Phillip (Matthew Rhys) and Elizabeth Jennings (Keri Russell) avert the typical spy couple characterizations almost immediately. Elizabeth’s character is the one driven by an intense loyalty to the cause and is far colder and harder then her husband. Phillip is wavering, tempted by the comfort around them, distressed at the emotional chasm between he and the woman who is officially his wife.
“I would lose everything before I betray my country,” said Elizabeth, and “The Americans” spends a lot of time examining the consequences of that perspective. Espionage work is dirty, dangerous and cruel, and we see just how badly it wears down the souls of the people who practice it, Soviet and American alike. When the Jennings manipulate a cleaning lady by poisoning her son and withholding the antidote, their eyes convey an eerie sense of desperation and fear. How much are they truly willing to give up for their country? Their lives? Their souls? Their children?
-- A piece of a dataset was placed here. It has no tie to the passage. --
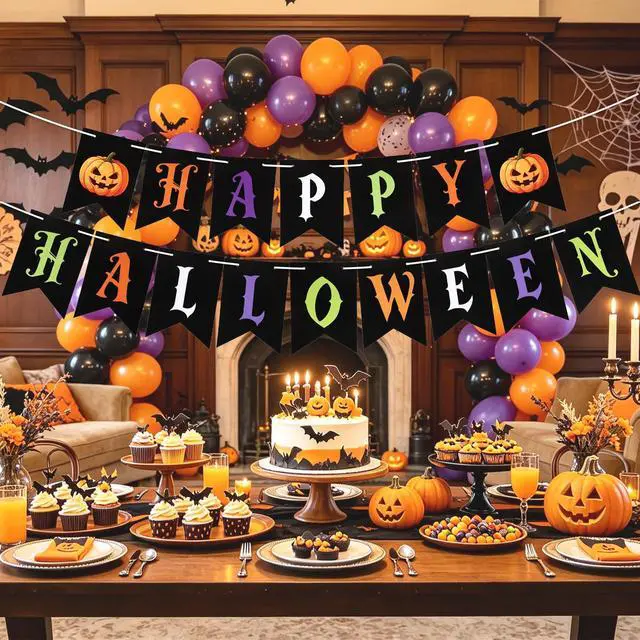 Alt view image 7 of 7 - Happy Halloween Banner, Halloween Banner Decorations Indoor, Pre-Strung Halloween Party Decorations Pumpkin Paper Banner Trick or Treat Backdrop Garland for Birthday Halloween Party Favors Supplies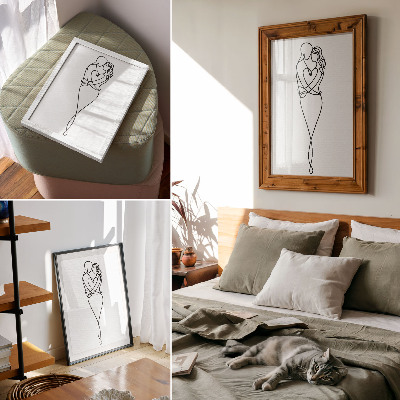 Lámina artística de alta calidad Diseño minimalista para parejas con una línea en forma de corazón.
As much as it’s an exploration of espionage, “The Americans” is also a show about marriage and parenthood. Seen from the outside, Phillip and Elizabeth have a conventional, loving marriage. But whether the marriage is one of convenience or genuine partnership remains unclear. In addition, the Jennings’ children remain unaware that their parents are Soviet agents. Phillip and Elizabeth must watch their children grow up in a culture antithetical to their own beliefs, trying their best to instill some of their own values in them before the wider culture swallows them up. In both cases, the espionage plots mirror and amplify the domestic concerns. There’s a lot of tension roiling under the surface of the Jennings’ home, and only some of it has to do with spying.
Juggling these two plot threads gives “The Americans” neat, thematic complexity and emotional weight, but it does lead to some odd tonal and pacing issues. The spy-centric events feel disconnected from the domestic narrative. While this is probably a conscious decision by the creators, it does leave the show reeling disjointedly between two different speeds. At about an hour an episode, there’s plenty of time to tie the two plot threads together, and at the moment, it’s not coming together as well as it could.
Despite its issues, “The Americans” is smart and thought-provoking. The spy game may be brutal and soul-draining, but it also makes for excellent television. And by the end, you may be rooting for the communists to win.